-- GIVEN RECORDS follows --
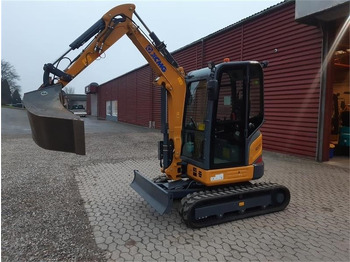 Mini escavadeira XCMG xe27e: foto 2
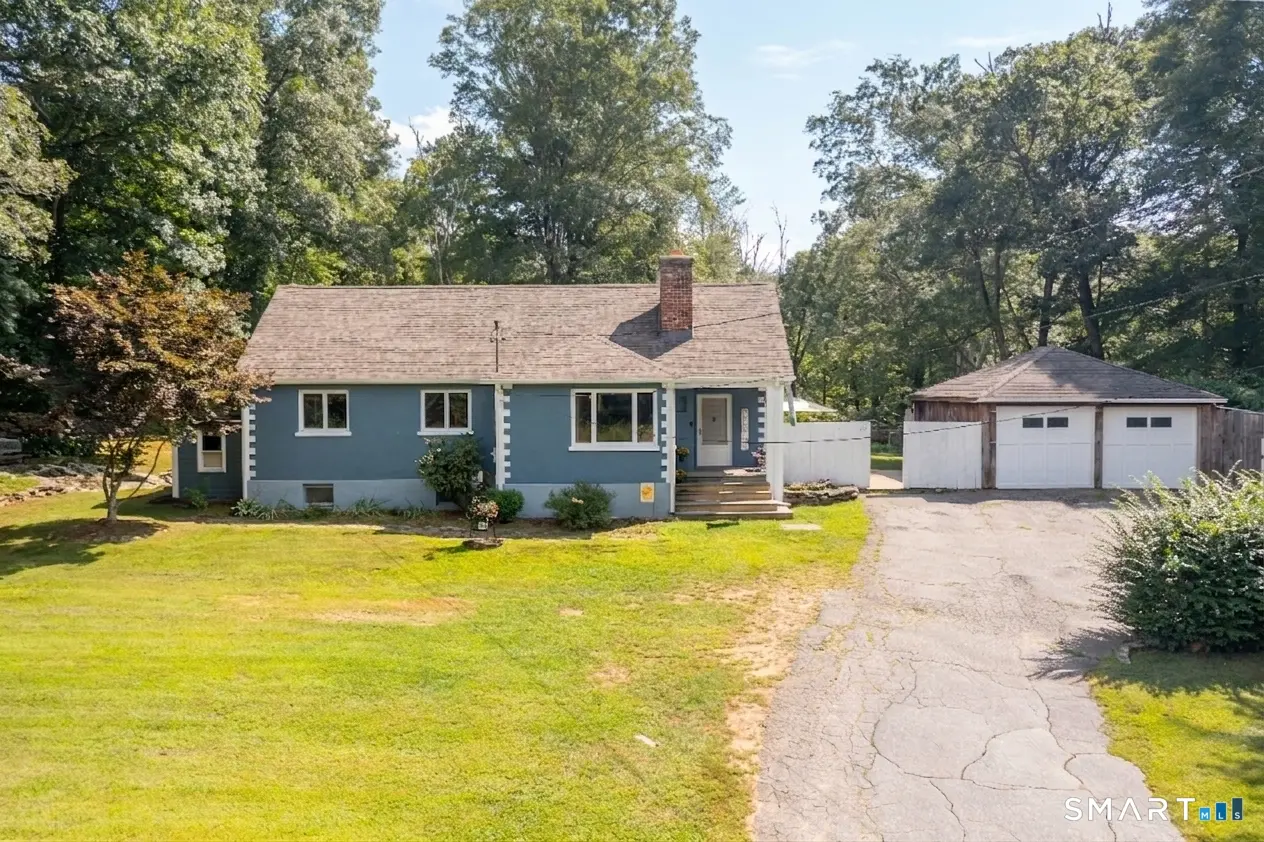 273 Hartford Road, Brooklyn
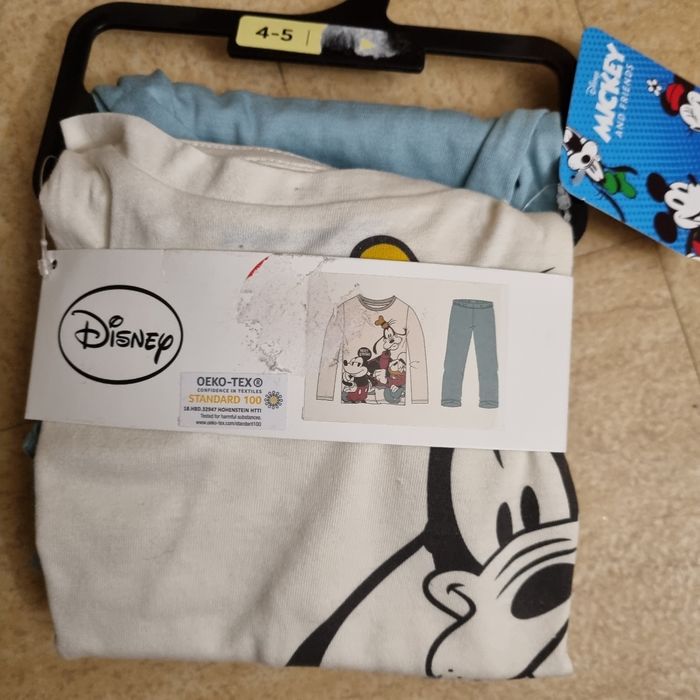 pyjama Disney Mickey et ses amis taille 4 / 5 ans 🎁 de - photo numéro 2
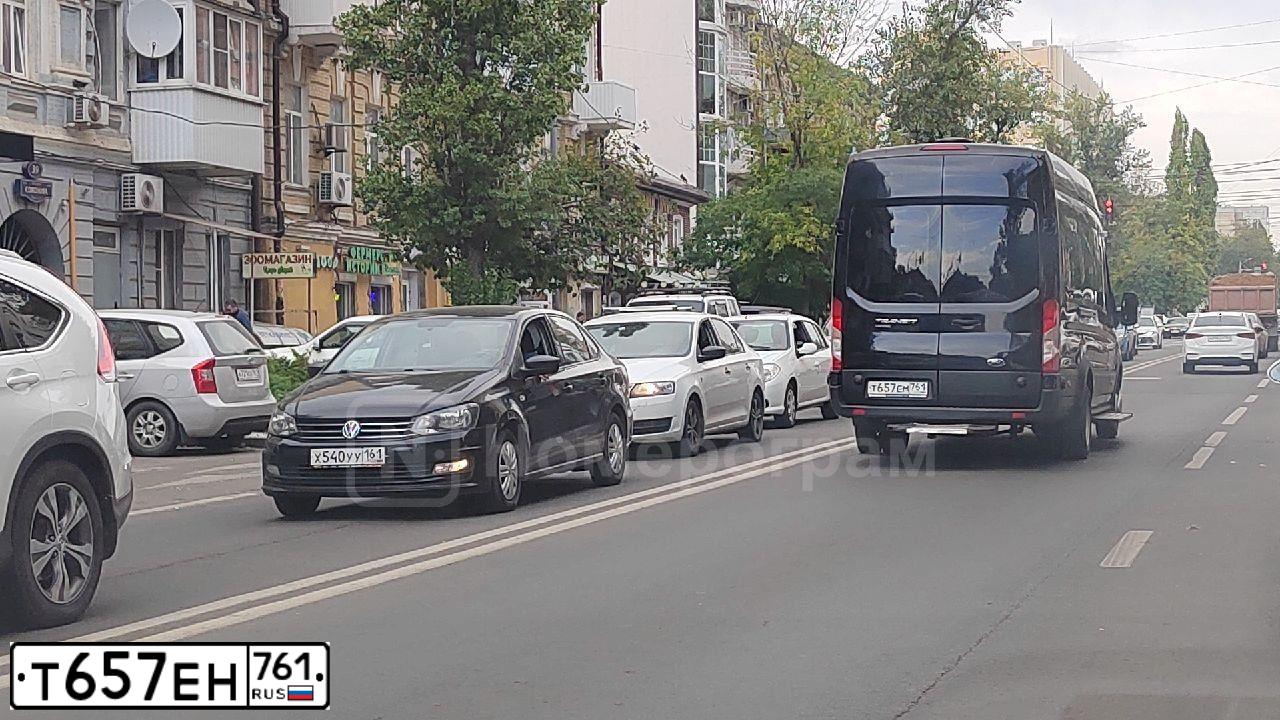 Фото автомобиля ROVER 75, 2000 — госномер Т657ЕН761. Цвет: ТЕМНО ЗЕЛЕНЫЙ
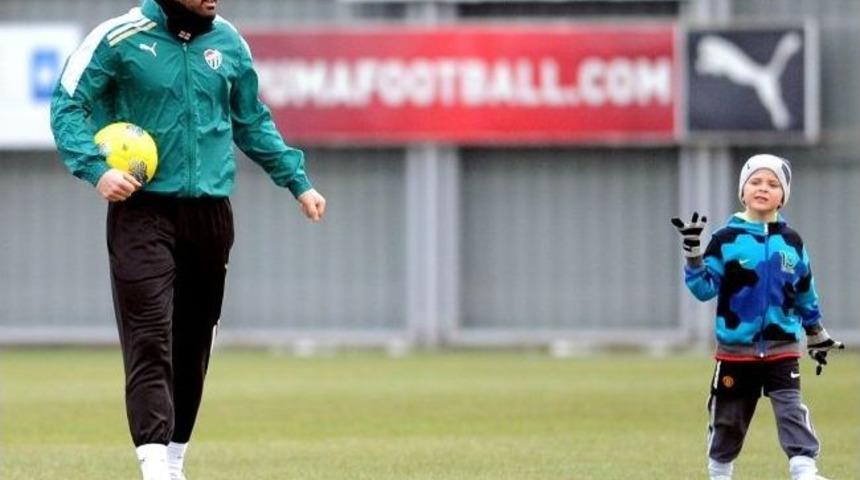 Carson Wigan&rsquo;a İmza Atıyor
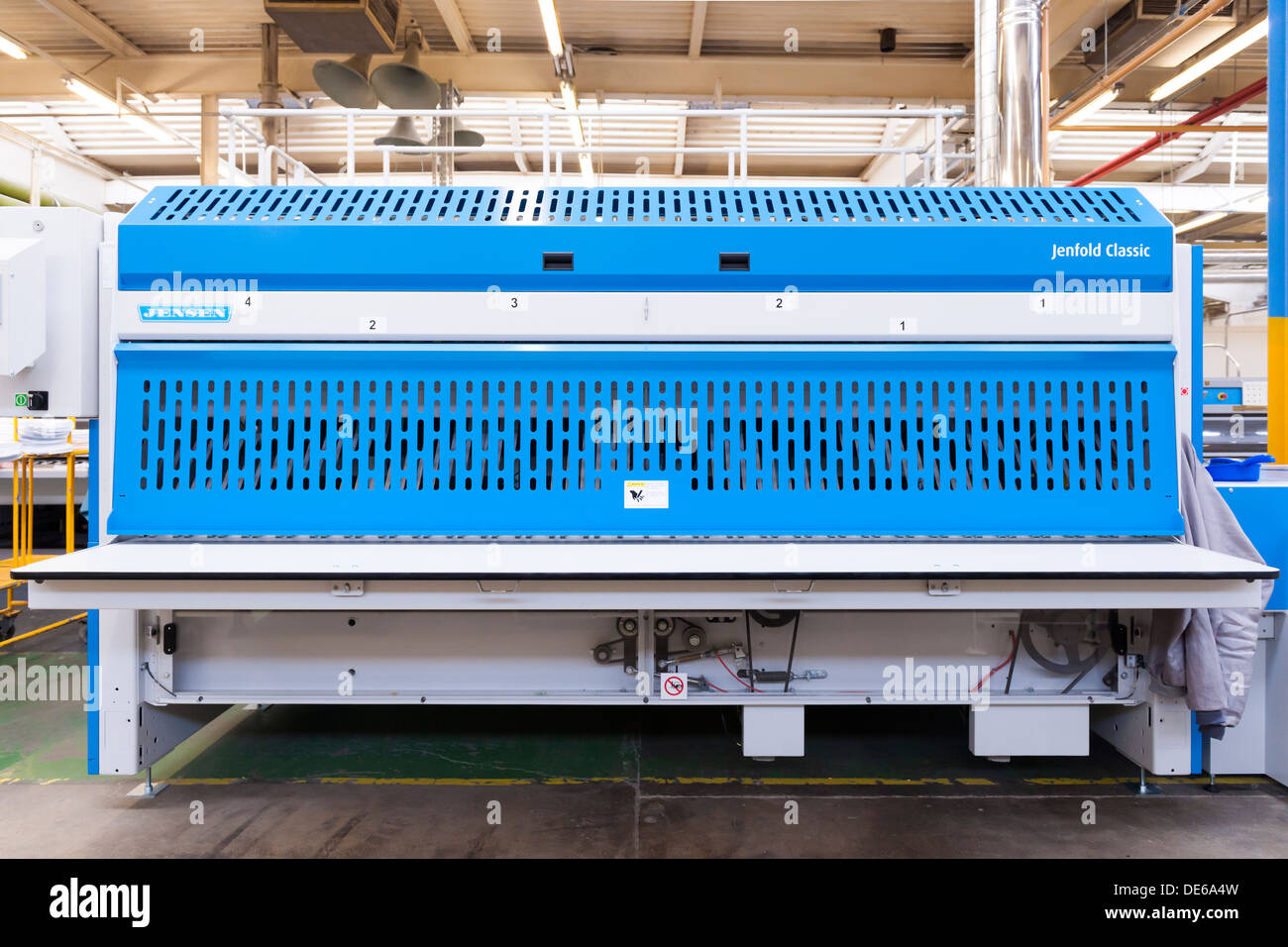 L'une des nombreuses machines à laver, monté dans le cadre de l'échelle industrielle dans une laverie de Her Majesty's Prison. Banque D'Images
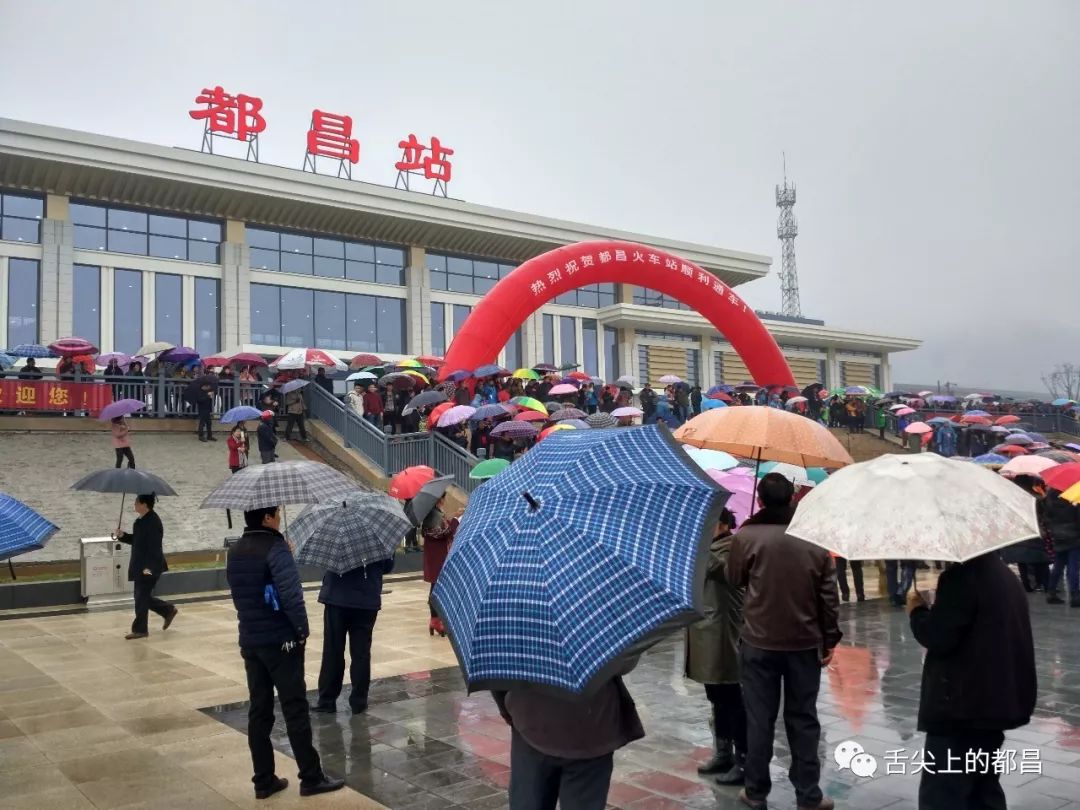 自动检票机检票入站入电梯进站台站台等候坐火车的市民动车入都昌站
-- GIVEN RECORDS concluded --
EXERCISE DIRECTIONS -> Retype the data shown above exactly, excluding any picture it contains.

THE COMPLETED TASK ->
 Mini escavadeira XCMG xe27e: foto 2
 273 Hartford Road, Brooklyn
 pyjama Disney Mickey et ses amis taille 4 / 5 ans 🎁 de - photo numéro 2
 Фото автомобиля ROVER 75, 2000 — госномер Т657ЕН761. Цвет: ТЕМНО ЗЕЛЕНЫЙ
 Carson Wigan&rsquo;a İmza Atıyor
 L'une des nombreuses machines à laver, monté dans le cadre de l'échelle industrielle dans une laverie de Her Majesty's Prison. Banque D'Images
 自动检票机检票入站入电梯进站台站台等候坐火车的市民动车入都昌站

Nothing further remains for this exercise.